Oui, ce merveilleux orfèvre de la langue était à la fois un sale type, un ingrat mordant la main qui le nourrissait, un rapiat obsédé par son or, un délateur et un faux jeton en amitié, notamment. On peut certes, alors, choisir de ne pas le lire en se fondant sur ces jugements moraux, mais le lisant il faut tout lire de lui, n'était-ce que pour saisir d'où il vient et où il va. Si l’homme est indigne au sens de l’éthique courante, et d’autant plus qu’il n’a cessé de se dire innocent et de rejeter la faute sur les autres, l’écrivain me passionne plus qu’aucun autre par l’incomparable humanité de son écriture, abjection comprise.
Que l’amour est ma seule balance et ma seule boussole, j’entends : l’amour de ma bonne amie.
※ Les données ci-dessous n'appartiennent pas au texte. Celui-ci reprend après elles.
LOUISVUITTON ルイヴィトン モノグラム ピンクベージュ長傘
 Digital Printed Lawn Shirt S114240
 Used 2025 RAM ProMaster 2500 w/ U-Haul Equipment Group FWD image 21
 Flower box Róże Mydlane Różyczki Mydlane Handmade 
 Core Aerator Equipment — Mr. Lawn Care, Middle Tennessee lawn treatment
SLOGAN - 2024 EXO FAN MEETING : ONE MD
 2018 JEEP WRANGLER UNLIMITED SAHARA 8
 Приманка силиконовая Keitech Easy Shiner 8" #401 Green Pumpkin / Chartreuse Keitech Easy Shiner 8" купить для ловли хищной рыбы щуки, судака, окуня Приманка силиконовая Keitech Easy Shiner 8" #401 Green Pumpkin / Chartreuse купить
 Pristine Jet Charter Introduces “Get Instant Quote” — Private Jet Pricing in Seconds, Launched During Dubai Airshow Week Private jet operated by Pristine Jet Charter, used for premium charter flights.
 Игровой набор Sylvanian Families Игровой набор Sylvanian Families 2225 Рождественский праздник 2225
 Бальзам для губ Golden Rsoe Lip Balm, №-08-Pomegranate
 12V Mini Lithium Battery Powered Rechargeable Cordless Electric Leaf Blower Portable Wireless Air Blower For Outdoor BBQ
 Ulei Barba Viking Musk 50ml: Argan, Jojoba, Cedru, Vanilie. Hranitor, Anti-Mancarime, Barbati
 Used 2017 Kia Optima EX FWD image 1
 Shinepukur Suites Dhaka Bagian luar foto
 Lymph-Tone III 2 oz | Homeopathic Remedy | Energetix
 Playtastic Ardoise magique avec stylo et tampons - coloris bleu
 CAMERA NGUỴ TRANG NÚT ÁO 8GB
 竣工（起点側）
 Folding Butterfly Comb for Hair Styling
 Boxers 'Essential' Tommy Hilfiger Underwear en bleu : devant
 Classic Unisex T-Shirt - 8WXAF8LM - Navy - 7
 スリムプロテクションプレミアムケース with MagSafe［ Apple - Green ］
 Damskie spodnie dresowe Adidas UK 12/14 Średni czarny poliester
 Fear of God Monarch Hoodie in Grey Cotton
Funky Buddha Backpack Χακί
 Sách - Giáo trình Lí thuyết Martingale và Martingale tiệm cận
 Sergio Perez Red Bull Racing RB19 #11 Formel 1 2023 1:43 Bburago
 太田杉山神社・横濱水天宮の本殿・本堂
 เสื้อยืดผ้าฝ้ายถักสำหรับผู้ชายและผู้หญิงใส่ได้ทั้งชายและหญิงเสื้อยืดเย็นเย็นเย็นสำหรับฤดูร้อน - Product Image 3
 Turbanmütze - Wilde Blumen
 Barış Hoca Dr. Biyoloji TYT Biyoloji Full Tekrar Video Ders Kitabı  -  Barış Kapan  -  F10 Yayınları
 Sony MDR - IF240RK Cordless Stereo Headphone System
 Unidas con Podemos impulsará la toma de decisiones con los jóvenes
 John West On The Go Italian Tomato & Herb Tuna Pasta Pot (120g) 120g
De l’humiliation- D’où vient le ressentiment? D’où viennent les pulsions meurtrières? D’où vient le crime ? C’est à ces questions que répondent les romans de Patricia Highsmith. Or, lorsque je lui ai demandé ce qui, selon elle, faisait le criminel, elle m’a répondu sans hésiter que c’était l’humiliation. Mais n’est-ce pas faire peu de cas de ce qu’il y a de mauvais en l’homme, lui ai-je objecté ? Alors elle de me regarder comme un adversaire possible et de se taire. Et moi de me taire, aussi, sans oser lui demander si la perversité de Tom Ripley ne lui a pas procuré, à elle également, cette espèce de plaisir trouble que le personnage met à se venger ?
De l’aura. – Certains êtres sont poétiques, je dirais plus exactement : diffusent une aura. Il y a cela chez ma bonne amie et chez tous ceux que j’aime, non du tout au sens d’un clan confiné de quelques- uns mais d’une famille sensible très élargie de gens dont l’âme rayonne à fleur de peau – ce que Georges Haldas appelait la « société des êtres ».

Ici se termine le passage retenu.